Dicen que quién no conoce su historia está condenado a repetirla. Es una frase que se nos ha repetido año tras año, generación tras generación, y muy a pesar de que en los colegios se enseñe historia, de que las personas protesten en las calles y surjan voces con opiniones críticas, siempre queda la sensación de que se puede hacer más, que aún somos un país sin memoria.
Creo que juzgaríamos muy pronto y superficialmente de afirmar, llanamente, que en Colombia las personas no están interesadas en su pasado, o que la educación no dispone los suficientes elementos para que las nuevas generaciones se empapen de la historia y asuman con mirada crítica el futuro. No.

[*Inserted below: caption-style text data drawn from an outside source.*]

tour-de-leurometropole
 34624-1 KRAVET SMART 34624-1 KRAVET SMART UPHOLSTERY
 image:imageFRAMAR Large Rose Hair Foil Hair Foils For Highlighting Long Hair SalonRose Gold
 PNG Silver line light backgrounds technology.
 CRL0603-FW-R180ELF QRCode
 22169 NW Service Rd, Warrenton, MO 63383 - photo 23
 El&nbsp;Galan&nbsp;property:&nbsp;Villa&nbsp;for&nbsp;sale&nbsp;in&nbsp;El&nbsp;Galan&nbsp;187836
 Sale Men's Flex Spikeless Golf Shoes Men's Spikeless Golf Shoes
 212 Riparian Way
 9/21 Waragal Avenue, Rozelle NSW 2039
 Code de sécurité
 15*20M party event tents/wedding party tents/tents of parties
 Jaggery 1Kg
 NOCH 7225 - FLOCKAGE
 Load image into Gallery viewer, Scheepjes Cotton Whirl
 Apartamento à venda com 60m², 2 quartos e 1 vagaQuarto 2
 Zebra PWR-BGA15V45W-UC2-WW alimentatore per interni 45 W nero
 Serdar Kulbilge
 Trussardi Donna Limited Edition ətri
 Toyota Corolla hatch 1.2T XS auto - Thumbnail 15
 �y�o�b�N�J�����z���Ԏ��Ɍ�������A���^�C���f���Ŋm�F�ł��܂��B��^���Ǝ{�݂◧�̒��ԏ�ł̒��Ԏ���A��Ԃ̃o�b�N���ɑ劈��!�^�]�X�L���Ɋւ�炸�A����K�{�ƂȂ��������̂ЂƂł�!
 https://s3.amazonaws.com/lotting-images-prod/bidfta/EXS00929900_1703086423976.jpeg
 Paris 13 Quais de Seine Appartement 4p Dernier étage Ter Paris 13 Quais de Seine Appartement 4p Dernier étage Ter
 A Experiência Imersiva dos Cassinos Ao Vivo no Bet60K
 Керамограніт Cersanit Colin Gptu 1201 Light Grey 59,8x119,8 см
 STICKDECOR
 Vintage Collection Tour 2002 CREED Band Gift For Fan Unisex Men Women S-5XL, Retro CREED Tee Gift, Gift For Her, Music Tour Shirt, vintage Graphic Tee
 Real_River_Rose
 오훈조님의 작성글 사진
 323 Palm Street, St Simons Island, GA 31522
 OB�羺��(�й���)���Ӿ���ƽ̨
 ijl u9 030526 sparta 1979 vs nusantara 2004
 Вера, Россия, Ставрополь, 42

Es cierto que hay fallas y que hay mucho por mejorar en cuanto a construcción de memoria, pero el problema es más complejo. Los países, especialmente los desarrollados, construyen nación alrededor de dos o tres acontecimientos históricos que representen culturalmente a sus habitantes, y que permitan, sea a través de la gloria o el dolor, el recuerdo y por consiguiente la unión de sus ciudadanos.
En Colombia es difícil identificar ese par de acontecimientos fundantes; han intentado construir memoria alrededor del Día de la Independencia, que por cierto está más plagado de dudas que de certezas; se ha insistido también en hacer de la firma de la Constitución de 1991 un asunto importante o, más recientemente, hacer del acuerdo de paz con las Farc una suerte de mito fundacional; pero lo cierto es que en Colombia no existe una historia para todos, los hilos que nos unen son muy delgados o inexistentes.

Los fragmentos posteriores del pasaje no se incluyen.